━━ Data listing

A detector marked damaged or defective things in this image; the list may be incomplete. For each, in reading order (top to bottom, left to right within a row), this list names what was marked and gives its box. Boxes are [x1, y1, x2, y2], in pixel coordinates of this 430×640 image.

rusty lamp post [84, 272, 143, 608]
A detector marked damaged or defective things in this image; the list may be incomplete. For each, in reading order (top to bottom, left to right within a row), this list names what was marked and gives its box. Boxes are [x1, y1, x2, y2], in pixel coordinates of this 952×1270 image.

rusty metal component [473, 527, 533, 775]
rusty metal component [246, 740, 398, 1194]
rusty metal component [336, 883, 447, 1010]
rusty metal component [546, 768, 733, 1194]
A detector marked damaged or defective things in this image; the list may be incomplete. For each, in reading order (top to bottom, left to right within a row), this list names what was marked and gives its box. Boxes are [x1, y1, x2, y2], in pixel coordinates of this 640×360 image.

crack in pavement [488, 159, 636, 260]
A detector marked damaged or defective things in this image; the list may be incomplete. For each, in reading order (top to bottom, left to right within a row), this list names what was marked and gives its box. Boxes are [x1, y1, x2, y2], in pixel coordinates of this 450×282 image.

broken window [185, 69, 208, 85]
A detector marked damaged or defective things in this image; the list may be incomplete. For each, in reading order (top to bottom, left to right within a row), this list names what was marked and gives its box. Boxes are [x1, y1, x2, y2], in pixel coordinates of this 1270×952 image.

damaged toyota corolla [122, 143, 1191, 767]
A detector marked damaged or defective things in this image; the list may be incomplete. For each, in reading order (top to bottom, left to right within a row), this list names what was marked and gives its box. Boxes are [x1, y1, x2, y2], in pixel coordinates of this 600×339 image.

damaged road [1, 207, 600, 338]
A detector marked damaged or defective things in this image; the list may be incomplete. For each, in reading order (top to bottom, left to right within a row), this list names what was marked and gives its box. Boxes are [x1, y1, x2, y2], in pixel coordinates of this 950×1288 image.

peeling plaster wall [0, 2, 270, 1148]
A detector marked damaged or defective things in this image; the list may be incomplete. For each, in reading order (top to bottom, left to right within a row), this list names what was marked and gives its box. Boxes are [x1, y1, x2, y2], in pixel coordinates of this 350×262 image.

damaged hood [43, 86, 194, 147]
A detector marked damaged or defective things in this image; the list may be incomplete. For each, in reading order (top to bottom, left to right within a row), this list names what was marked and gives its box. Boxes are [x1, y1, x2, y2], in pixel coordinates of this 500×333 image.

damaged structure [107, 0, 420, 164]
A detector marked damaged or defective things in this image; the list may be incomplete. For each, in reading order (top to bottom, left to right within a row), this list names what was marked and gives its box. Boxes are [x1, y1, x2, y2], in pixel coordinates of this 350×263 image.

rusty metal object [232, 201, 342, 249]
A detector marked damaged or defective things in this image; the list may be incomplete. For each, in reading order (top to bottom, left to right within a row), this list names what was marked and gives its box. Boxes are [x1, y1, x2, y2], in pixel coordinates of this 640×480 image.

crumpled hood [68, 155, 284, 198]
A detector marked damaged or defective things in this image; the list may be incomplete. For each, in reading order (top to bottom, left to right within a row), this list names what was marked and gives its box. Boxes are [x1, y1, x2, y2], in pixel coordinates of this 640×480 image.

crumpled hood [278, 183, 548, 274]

━━━━

Beginning with the line that contains "this 950×1288 image.", quote each line exactly through the last line of the entries above, and nothing beyond them.

Expected output:
A detector marked damaged or defective things in this image; the list may be incomplete. For each, in reading order (top to bottom, left to right within a row), this list names what was marked and gives its box. Boxes are [x1, y1, x2, y2], in pixel coordinates of this 950×1288 image.

peeling plaster wall [0, 2, 270, 1148]
A detector marked damaged or defective things in this image; the list may be incomplete. For each, in reading order (top to bottom, left to right within a row), this list names what was marked and gives its box. Boxes are [x1, y1, x2, y2], in pixel coordinates of this 350×262 image.

damaged hood [43, 86, 194, 147]
A detector marked damaged or defective things in this image; the list may be incomplete. For each, in reading order (top to bottom, left to right within a row), this list names what was marked and gives its box. Boxes are [x1, y1, x2, y2], in pixel coordinates of this 500×333 image.

damaged structure [107, 0, 420, 164]
A detector marked damaged or defective things in this image; the list may be incomplete. For each, in reading order (top to bottom, left to right within a row), this list names what was marked and gives its box. Boxes are [x1, y1, x2, y2], in pixel coordinates of this 350×263 image.

rusty metal object [232, 201, 342, 249]
A detector marked damaged or defective things in this image; the list may be incomplete. For each, in reading order (top to bottom, left to right within a row), this list names what was marked and gives its box. Boxes are [x1, y1, x2, y2], in pixel coordinates of this 640×480 image.

crumpled hood [68, 155, 284, 198]
A detector marked damaged or defective things in this image; the list may be incomplete. For each, in reading order (top to bottom, left to right within a row), this list names what was marked and gives its box. Boxes are [x1, y1, x2, y2], in pixel coordinates of this 640×480 image.

crumpled hood [278, 183, 548, 274]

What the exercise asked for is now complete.